Para o cientista político Cláudio Couto, professor do Departamento de Gestão Pública da FGV (Fundação Getúlio Vargas), os sinais de aprovação do presidente aos atos de ontem não resultarão em apoio do Congresso a propostas governistas.
“Interpretaria esses gestos como uma tentativa de obter apoio na base da pressão, de forçar o Congresso a se curvar às suas posições. Isso não vai melhorar a relação dele com o Congresso, onde ele precisa aprovar uma agenda. Muito pelo contrário. Não vai melhorar a relação dele com o Supremo Tribunal Federal, onde ele pode ter suas políticas questionadas. Então, ele acaba jogando mais lenha na fogueira”, avalia.

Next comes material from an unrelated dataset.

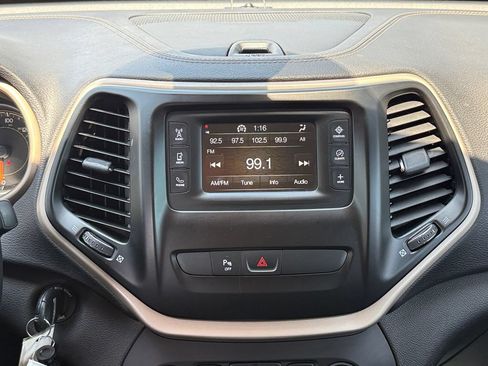 Used 2017 Jeep Cherokee Latitude w/ Safety/Convenience Group AWD/4WD image 14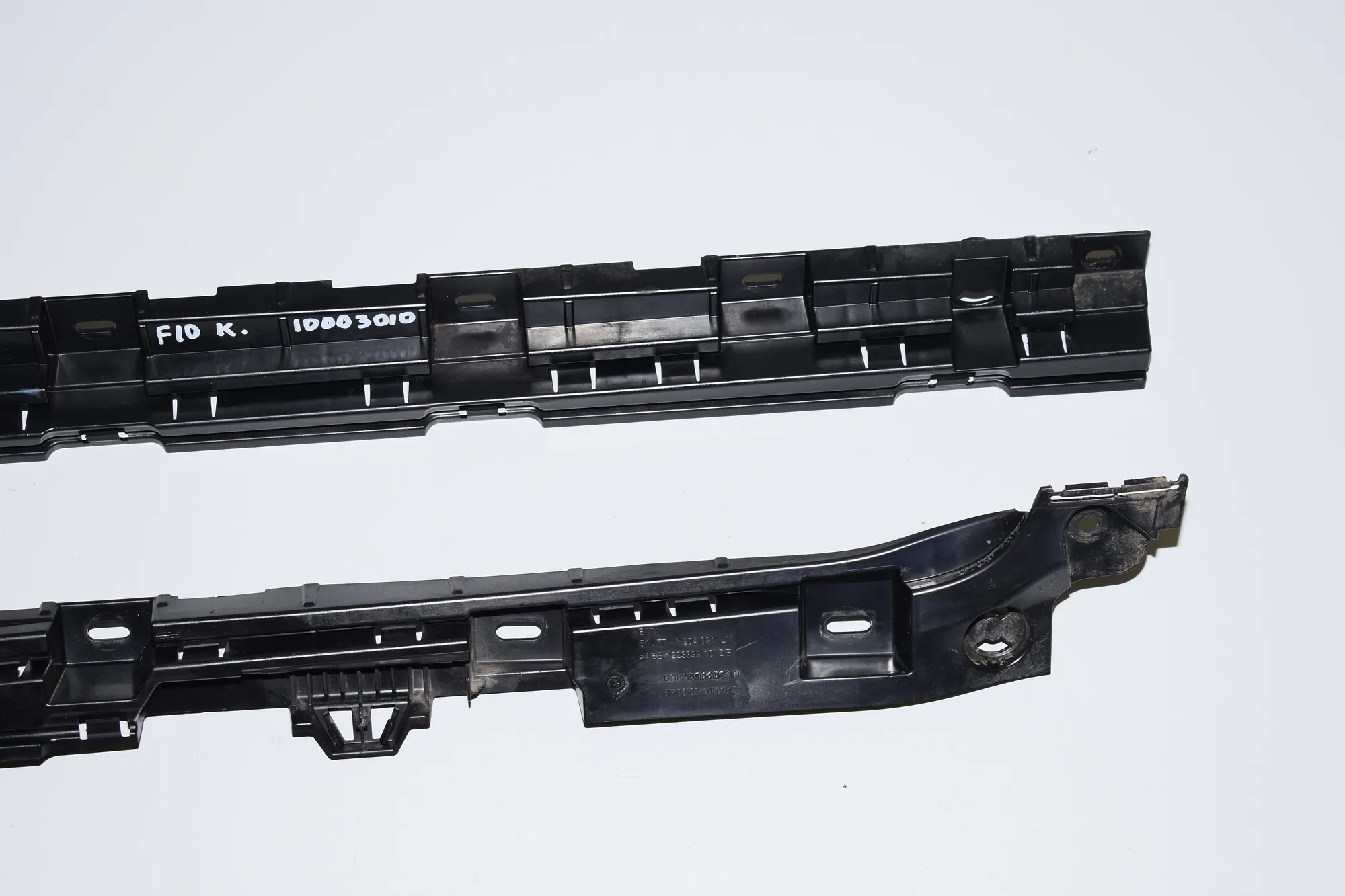 Sideskirt Bracket – OEM 7204021 · BMW 5 (F10) 520 d 2011 – 3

“A reforma da Previdência tem chance real de ser aprovada porque se produziu no Legislativo um consenso e porque o Rodrigo Maia tem dado mostras reiteradas de que considera importante aprovar. Isso não significa dar apoio ao conjunto da agenda do governo. Acho difícil que o resto da agenda governamental avance da mesma forma”, comenta Couto. “Não creio que a ida dos manifestantes à rua apoiando, por exemplo, o pacote do [ministro Sergio] Moro vá fazer com que o Congresso vote agora a favor do pacote.”
Governo sem projeto
Na opinião de Carlos Sávio Teixeira, professor do departamento de Ciência Política da UFF (Universidade Federal Fluminense), a origem das dificuldades é o próprio Bolsonaro, que não teria um projeto mais amplo de governo.

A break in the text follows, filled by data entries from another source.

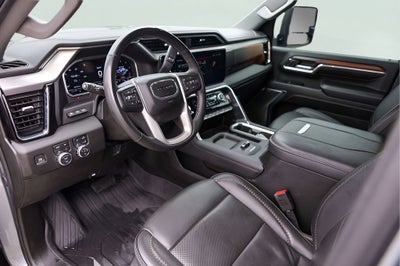 2024 GMC Sierra 2500HD Denali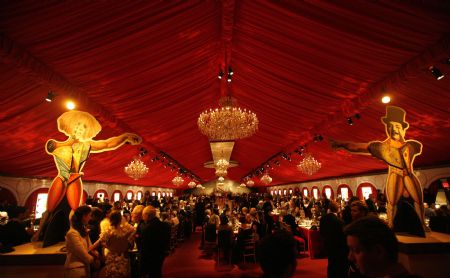 Guests attend the MOCA (Museum of Contemporary Art) New 30th anniversary gala in Los Angeles November 14, 2009.[Xinhua/Reuters]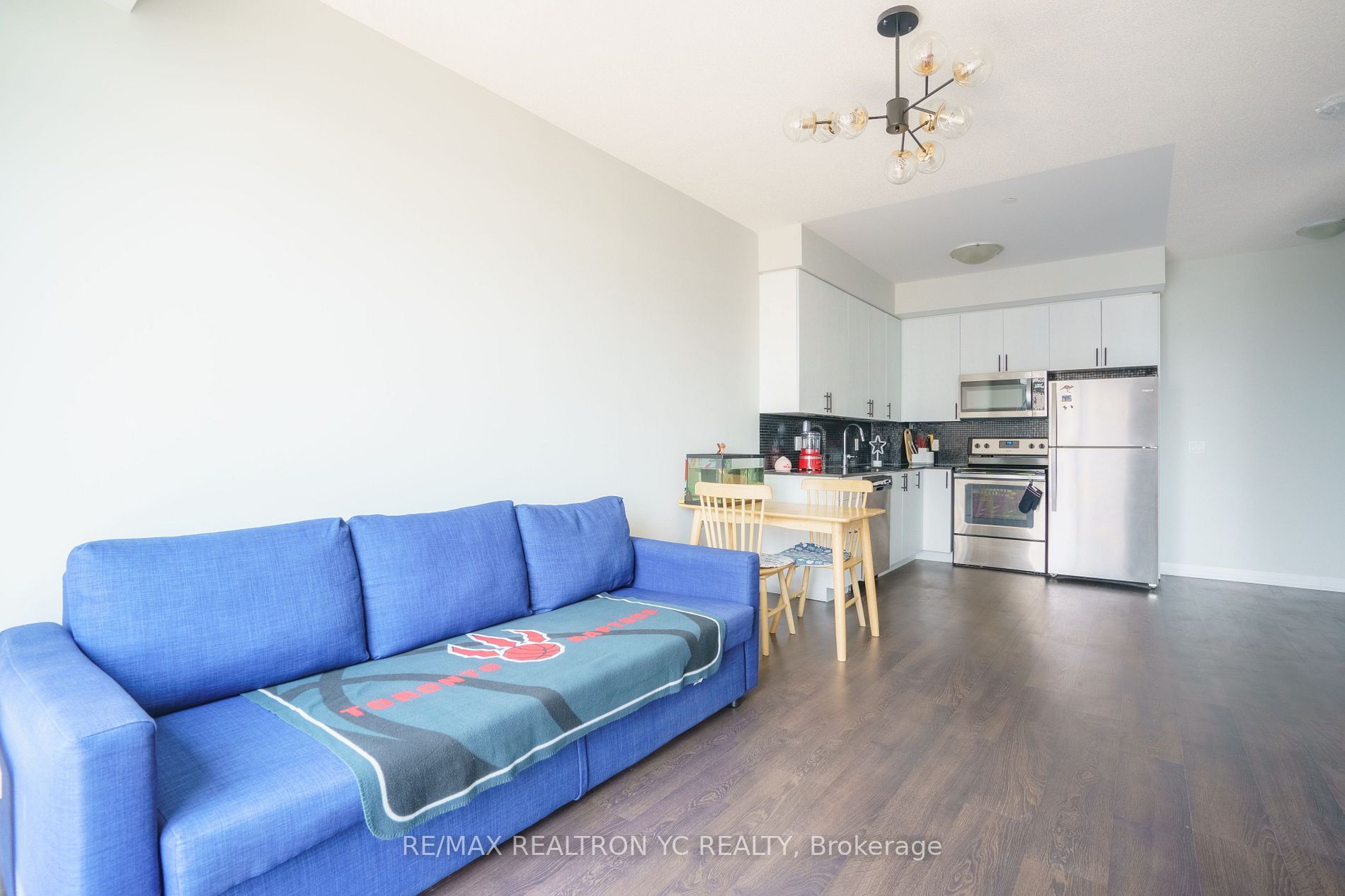 9560 Markham Rd N, #1711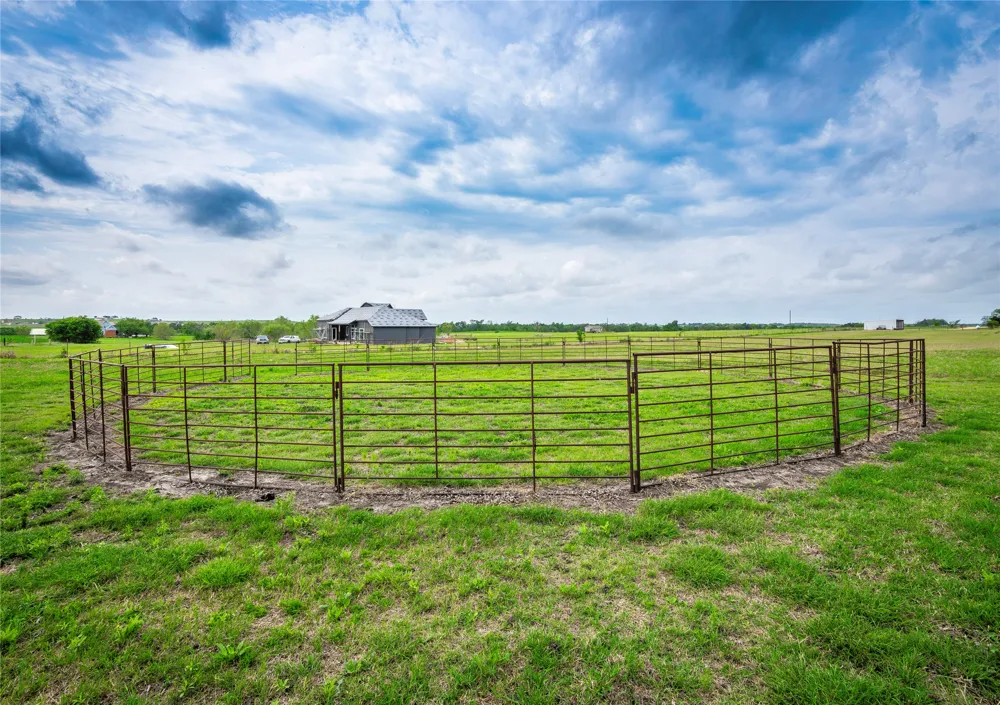 877 County Road 455 Coupland, TX 78615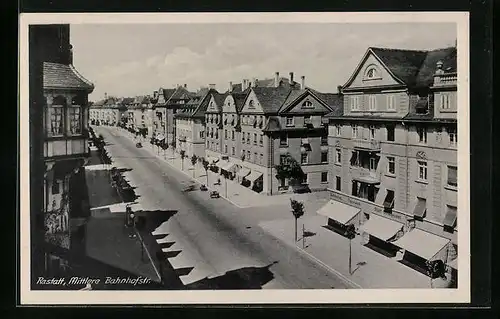 AK Rastatt, Mittlere Bahnhofstrasse mit Geschäften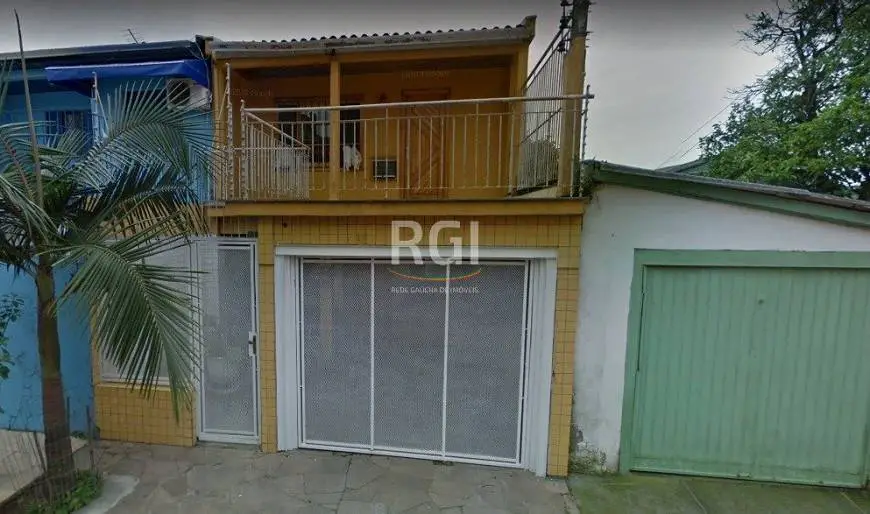 Foto 1 de Casa com 2 Quartos à venda, 110m² em Costa E Silva, Porto Alegre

“É um equívoco atribuir as dificuldades do governo Bolsonaro ao STF e ao Congresso. Eu atribuiria à falta de projeto do governo. O STF e o Congresso podem até vir a ser obstáculos a um projeto Bolsonaro, quando e se houver um. Mas por enquanto não. A manifestação de hoje é só mais um capítulo dentro dessa relação ruim, cuja fonte é o Bolsonaro. Ele quer um tipo de relação diferente com o Centrão e o Congresso, mas não sabe como, não propõe como e fica hostilizando o Congresso e o Centrão”, analisa.
“O governo não tem uma orientação básica sobre o que fazer. Então, fica nessa guerra permanente com as instituições. Isso é muito ruim, inclusive para o governo. Não por outras razões o governo vem perdendo apoio junto à população e seu eleitorado”.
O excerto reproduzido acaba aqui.